Home Improvement Scams

As a home-owner, home repair is an inevitable cost that you will come across. Home renovation is an investment but it is also a draining task. With home improvement scams in the mix, the stress from such a project is taken to new heights. According to Consumer protection agents, in 2011, close to $140 million was retrieved from contractor scams across 22 states in the U.S. With approximately 100,000 scammers annually making attempts through these home repairs, it would not be difficult to find yourself in the same situation. The fall-out from these scams can have dire consequences, where you could find yourself both duped by a fraudulent contractor and having to pay for a home improvement project gone wrong. A prime example would be how an elderly woman, in Pennsylvania, paid $10,000 to a contractor, only for them to demolish her house and not return, leaving her with a house she wasn’t even able to live in.

Targets For Home Improvement Scams

Senior citizens seem to be the victims more often than not when it comes to these scams. With seniors reportedly owning a substantial amount of financial assets in the U.S and a majority living in houses 20 years and older, that put them in need of home repairs the most. It is then understandable why the elderly would be targeted by fraudulent contractors more. This is not to say other home-owners cannot be susceptible to these scams. It would be easy for anyone to fall for these schemes. This is why you should make sure that your contractor is a legitimate one.

Although these home-repair scams can occur at any given time, they are most common in cases of disaster. Natural disasters are known to turn people’s lives upside down which can leave them desperate and vulnerable to scammers. Disaster relief scams or storm-chasing contractors target areas where extensive damage has been done. These scammers conveniently show up at your door step and try to convince you that if you hire them, all damage will be repaired in a short period of time. Trusting these fraudulent contractors will result in them disappearing with your money before job completion or leave you with inferior quality work.

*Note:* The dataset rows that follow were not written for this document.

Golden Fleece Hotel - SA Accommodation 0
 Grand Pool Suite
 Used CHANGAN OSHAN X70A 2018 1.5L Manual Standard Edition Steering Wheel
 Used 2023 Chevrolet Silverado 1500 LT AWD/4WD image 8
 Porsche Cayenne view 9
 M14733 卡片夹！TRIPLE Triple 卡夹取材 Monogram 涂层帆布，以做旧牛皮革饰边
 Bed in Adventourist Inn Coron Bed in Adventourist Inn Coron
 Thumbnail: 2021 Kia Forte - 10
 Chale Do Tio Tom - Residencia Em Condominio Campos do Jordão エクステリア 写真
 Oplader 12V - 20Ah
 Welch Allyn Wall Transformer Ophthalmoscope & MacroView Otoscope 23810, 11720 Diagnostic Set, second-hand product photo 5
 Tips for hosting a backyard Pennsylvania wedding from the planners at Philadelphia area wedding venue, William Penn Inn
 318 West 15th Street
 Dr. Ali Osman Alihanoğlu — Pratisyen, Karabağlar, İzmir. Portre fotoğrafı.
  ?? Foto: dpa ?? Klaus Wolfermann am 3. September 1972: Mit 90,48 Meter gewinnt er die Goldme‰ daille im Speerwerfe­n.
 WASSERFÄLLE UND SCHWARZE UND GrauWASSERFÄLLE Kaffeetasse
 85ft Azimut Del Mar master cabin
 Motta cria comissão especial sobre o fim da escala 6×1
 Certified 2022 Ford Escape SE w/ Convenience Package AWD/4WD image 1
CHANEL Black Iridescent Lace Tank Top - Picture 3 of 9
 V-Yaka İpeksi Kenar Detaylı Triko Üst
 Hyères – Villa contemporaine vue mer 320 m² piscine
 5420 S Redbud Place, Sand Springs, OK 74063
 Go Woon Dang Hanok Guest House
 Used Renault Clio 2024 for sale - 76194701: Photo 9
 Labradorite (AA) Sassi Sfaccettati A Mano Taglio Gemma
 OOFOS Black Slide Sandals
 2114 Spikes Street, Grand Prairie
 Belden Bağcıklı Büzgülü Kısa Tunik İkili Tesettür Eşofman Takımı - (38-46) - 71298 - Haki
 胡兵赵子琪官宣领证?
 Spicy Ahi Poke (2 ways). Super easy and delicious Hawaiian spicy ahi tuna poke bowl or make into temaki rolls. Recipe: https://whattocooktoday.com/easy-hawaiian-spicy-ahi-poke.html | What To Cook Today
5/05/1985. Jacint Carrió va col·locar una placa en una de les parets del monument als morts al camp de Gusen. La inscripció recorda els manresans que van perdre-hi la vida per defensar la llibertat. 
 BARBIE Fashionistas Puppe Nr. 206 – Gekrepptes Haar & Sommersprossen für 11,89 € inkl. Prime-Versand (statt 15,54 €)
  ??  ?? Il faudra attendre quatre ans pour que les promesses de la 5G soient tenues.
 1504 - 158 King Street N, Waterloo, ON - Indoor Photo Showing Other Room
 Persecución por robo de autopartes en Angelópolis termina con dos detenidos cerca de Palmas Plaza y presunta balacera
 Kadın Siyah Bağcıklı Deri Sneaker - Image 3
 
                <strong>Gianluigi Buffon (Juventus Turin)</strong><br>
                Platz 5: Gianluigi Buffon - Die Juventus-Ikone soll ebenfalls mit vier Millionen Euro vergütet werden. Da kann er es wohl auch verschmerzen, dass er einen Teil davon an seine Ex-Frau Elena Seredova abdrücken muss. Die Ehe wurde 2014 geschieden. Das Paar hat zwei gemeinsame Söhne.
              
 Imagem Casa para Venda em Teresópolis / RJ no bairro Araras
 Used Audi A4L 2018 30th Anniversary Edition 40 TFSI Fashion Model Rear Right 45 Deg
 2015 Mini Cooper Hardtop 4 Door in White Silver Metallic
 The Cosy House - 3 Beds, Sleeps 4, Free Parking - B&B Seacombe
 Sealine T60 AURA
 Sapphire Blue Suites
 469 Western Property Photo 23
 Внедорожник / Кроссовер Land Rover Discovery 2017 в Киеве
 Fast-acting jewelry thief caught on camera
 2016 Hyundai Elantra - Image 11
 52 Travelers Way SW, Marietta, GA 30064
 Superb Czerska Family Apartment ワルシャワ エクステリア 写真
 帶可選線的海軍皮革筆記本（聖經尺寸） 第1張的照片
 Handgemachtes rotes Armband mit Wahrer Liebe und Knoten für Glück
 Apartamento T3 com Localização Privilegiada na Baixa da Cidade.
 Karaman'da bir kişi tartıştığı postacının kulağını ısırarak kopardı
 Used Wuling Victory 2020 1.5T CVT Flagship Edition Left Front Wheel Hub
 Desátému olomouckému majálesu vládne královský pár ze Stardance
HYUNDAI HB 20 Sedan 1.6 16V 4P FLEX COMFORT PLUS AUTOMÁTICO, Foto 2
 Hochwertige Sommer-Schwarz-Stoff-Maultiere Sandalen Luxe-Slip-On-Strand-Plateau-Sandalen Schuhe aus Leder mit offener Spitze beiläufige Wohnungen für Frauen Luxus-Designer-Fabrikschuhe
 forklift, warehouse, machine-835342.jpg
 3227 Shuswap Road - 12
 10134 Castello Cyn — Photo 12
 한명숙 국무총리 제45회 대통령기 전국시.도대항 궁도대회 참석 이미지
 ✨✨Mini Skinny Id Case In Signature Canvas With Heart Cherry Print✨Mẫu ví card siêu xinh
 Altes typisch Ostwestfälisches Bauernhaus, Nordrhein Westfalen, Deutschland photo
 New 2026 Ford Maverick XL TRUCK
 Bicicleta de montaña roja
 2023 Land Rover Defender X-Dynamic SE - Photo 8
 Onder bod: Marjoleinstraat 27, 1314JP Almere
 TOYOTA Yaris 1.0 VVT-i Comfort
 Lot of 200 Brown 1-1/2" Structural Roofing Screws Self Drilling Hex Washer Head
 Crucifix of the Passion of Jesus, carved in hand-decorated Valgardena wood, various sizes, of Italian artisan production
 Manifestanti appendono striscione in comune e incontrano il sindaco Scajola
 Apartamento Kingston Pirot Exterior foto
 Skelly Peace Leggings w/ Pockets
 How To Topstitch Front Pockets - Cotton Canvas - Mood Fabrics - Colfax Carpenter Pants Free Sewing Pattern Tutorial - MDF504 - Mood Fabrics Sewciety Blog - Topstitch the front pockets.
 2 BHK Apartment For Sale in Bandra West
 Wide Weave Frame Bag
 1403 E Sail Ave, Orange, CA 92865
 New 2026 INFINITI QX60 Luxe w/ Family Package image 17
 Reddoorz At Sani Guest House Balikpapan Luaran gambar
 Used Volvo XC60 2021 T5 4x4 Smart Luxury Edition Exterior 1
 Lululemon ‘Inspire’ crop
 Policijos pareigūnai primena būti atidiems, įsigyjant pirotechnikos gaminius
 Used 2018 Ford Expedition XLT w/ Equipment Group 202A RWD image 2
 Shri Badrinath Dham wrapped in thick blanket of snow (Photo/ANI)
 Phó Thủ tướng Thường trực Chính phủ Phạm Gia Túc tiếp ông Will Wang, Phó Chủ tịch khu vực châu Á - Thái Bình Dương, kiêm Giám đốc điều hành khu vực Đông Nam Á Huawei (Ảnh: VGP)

How To Avoid Giving Scammers The Tools To Dupe You

Large amounts of money is involved in the home-repair business and it is very difficult to get your money back once it has been stolen. Home repair con-artists often depend on your desperation and your trust. They hope that you will not do research beyond what they have they told you. There are a number of ways to spot home improvement scammers. Scammers are generally:

  • Unlicensed
  • Want whole amounts paid upfront or accept cash only
  • Put pressure on you to make decisions
  • Want to sell you material or equipment from previous jobs
  • Refuse to have written contracts

When selecting a new contractor, check the credentials of potential contractors and possibly check trusted websites for feedback on the quality of their work. It is also wise to know your rights as a consumer as it makes it harder for con-artists to take advantage of you.

Home-repair scams are one of the increasing fraudulent schemes affecting U.S. consumers today. It may seem like an exhausting task to investigate your potential contractor so thoroughly but it would, without a doubt, be in your best interest to be cautious and vigilant. When it comes to your hard-earned dollars and your home, being safe is better than being sorry.